There are also the projects of widening I-81 and extending the airport runway. I would like to see the "fuzzy math" used to show these projects will not increase the ozone levels. If widening I-81 doesn't increase traffic then why widen it? If it does, then there will be an increase in the ozone levels. The same would go for the runway project. If not more aircraft or larger aircraft then why extend it?

I also read where a new business of packaging and delivery will be coming to Washington County. According to Bob Arch there will be about 400 new jobs, half of which are low to medium salaries.

He believes this will be good for the county. I don't see how low-paying jobs of any sort can be good. Arch ought to give up his high-paying job with the county and take one of these low-paying jobs. If they are good for the county, they ought to be good for him. He can also ride his bike to work and reduce pollution.

Edwin Kumsher

What's a 'menace' to do?

To the editor:

I am almost finished serving a two-year sentence for DUI at Washington County Detention Center, and yet I find myself somewhat disappointed because upon my release I will be jobless, penniless and homeless.

The detention center currently offers no assistance or information, that I am aware of, concerning my well-being or re-acclimation to society. In court I was labeled a "menace to society" by the state. The way I see it, the real menace is the system to which I have been incarcerated. This system offers nothing to the inmate along the lines of rehabilitation, no educational program, no job or life skills program, no exercise programs.

This system that I speak of is the same one that each year pushes hundreds of inmates out its doors in the same or worse conditions than prior to their incarceration. Many of those individuals, like myself, will find themselves homeless and desperate.

A homeless shelter and soup kitchen may mean the difference between hope and desperation, working or criminal behavior, sobriety or relapse, life or death. It's hard to imagine such circumstances unless you've personally experienced it.

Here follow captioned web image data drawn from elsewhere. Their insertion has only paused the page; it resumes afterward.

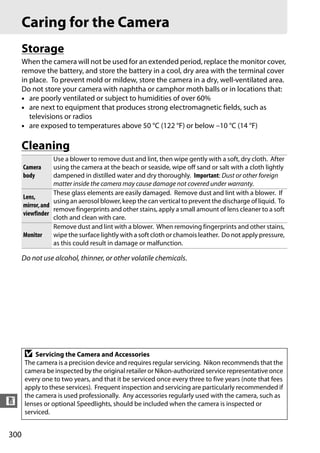 Caring for the Camera
      Storage
      When the camera will not be used for an extended period, replace the monitor cover,
      remove the battery, and store the battery in a cool, dry area with the terminal cover
      in place. To prevent mold or mildew, store the camera in a dry, well-ventilated area.
      Do not store your camera with naphtha or camphor moth balls or in locations that:
      • are poorly ventilated or subject to humidities of over 60%
      • are next to equipment that produces strong electromagnetic fields, such as
         televisions or radios
      • are exposed to temperatures above 50 °C (122 °F) or below –10 °C (14 °F)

I have. For many, it's preventable if only the system worked in favor of instead of against us. If only the "correctional" system rehabilitated its wards instead of victimizing them.

Life isn't fair, no one walking the earth's surface is perfect, and everybody makes mistakes. Is there a solution? CertainlyHowever, I offer you none today. I would only like you to think about a homeless person next time you see one. He or she has a name, a child maybe, even a dream. They have two eyes, a nose and a mouth just like you; they are human.

We're not talking about an animal shelter. We're talking about a shelter for disadvantaged people.

As for me I'll be back on my feet in a few weeks, thanks to my diversified work history. Many others will not, however. That is another reason why a homeless shelter and its many services are needed in our city.